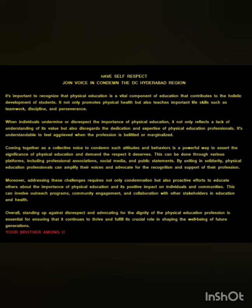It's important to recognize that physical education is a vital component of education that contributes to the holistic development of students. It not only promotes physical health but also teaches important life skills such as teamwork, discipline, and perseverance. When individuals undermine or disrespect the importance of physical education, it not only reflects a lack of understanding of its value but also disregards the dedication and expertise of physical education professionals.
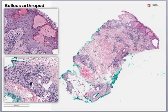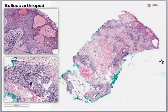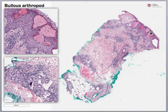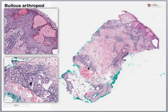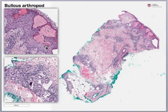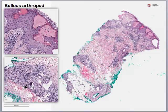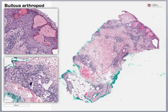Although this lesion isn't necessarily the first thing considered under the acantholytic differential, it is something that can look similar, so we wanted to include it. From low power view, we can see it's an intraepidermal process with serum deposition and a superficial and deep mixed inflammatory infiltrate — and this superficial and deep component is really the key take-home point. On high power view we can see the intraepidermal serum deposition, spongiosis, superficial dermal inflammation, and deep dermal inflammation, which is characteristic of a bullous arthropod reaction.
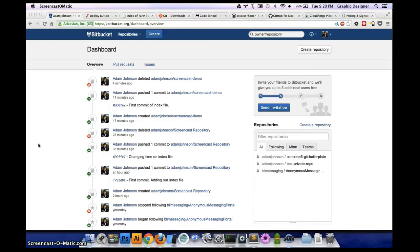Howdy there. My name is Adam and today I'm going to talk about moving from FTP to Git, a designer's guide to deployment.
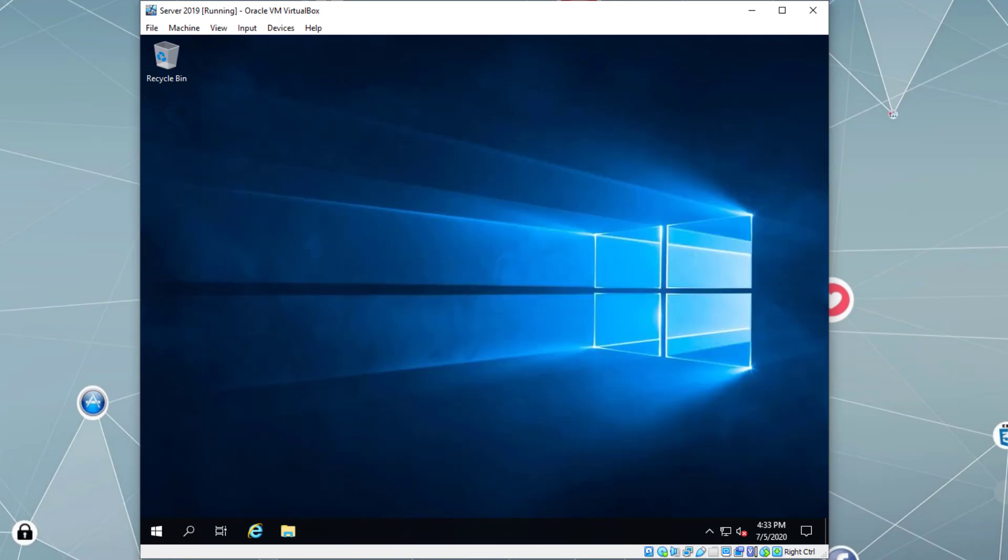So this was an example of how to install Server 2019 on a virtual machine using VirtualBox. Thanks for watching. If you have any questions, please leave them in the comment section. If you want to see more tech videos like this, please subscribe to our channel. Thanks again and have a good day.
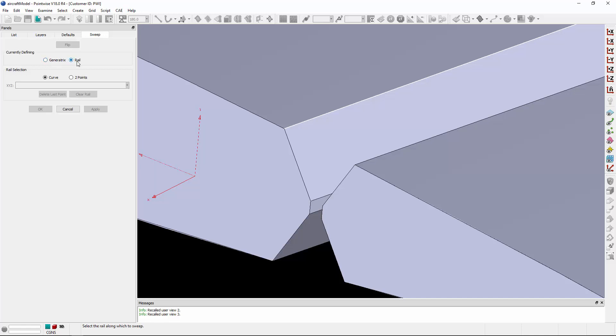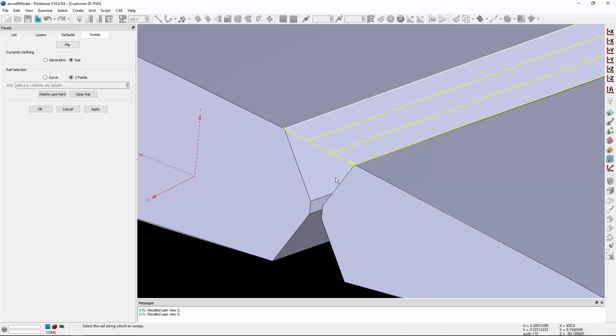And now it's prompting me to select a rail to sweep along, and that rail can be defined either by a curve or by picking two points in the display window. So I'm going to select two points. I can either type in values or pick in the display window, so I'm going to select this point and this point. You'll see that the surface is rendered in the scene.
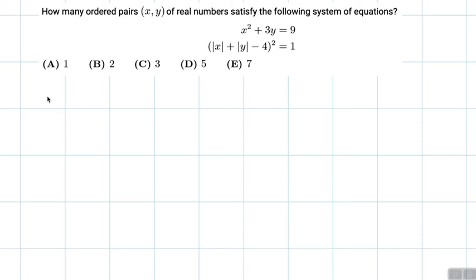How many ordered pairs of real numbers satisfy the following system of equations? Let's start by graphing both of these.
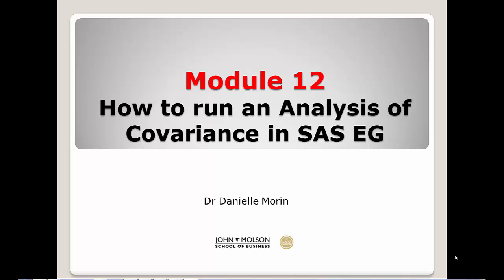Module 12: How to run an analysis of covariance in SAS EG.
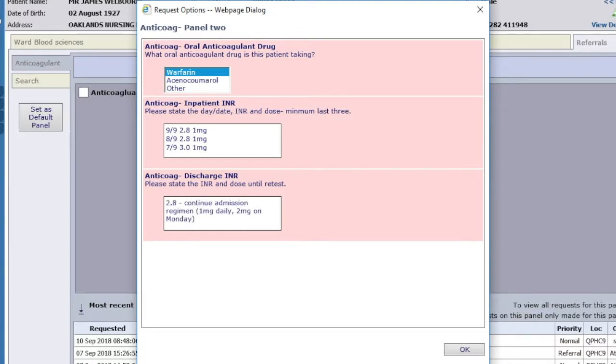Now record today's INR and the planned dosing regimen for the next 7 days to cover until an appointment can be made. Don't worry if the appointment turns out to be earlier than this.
§
**Assignment**
Line by line, print the records exactly, leaving the pictures behind.

**Reply to the exercise**
It's important to recognize that physical education is a vital component of education that contributes to the holistic development of students. It not only promotes physical health but also teaches important life skills such as teamwork, discipline, and perseverance. When individuals undermine or disrespect the importance of physical education, it not only reflects a lack of understanding of its value but also disregards the dedication and expertise of physical education professionals.
Although this lesion isn't necessarily the first thing considered under the acantholytic differential, it is something that can look similar, so we wanted to include it. From low power view, we can see it's an intraepidermal process with serum deposition and a superficial and deep mixed inflammatory infiltrate — and this superficial and deep component is really the key take-home point. On high power view we can see the intraepidermal serum deposition, spongiosis, superficial dermal inflammation, and deep dermal inflammation, which is characteristic of a bullous arthropod reaction.
Howdy there. My name is Adam and today I'm going to talk about moving from FTP to Git, a designer's guide to deployment.
So this was an example of how to install Server 2019 on a virtual machine using VirtualBox. Thanks for watching. If you have any questions, please leave them in the comment section. If you want to see more tech videos like this, please subscribe to our channel. Thanks again and have a good day.
And now it's prompting me to select a rail to sweep along, and that rail can be defined either by a curve or by picking two points in the display window. So I'm going to select two points. I can either type in values or pick in the display window, so I'm going to select this point and this point. You'll see that the surface is rendered in the scene.
How many ordered pairs of real numbers satisfy the following system of equations? Let's start by graphing both of these.
Module 12: How to run an analysis of covariance in SAS EG.
Now record today's INR and the planned dosing regimen for the next 7 days to cover until an appointment can be made. Don't worry if the appointment turns out to be earlier than this.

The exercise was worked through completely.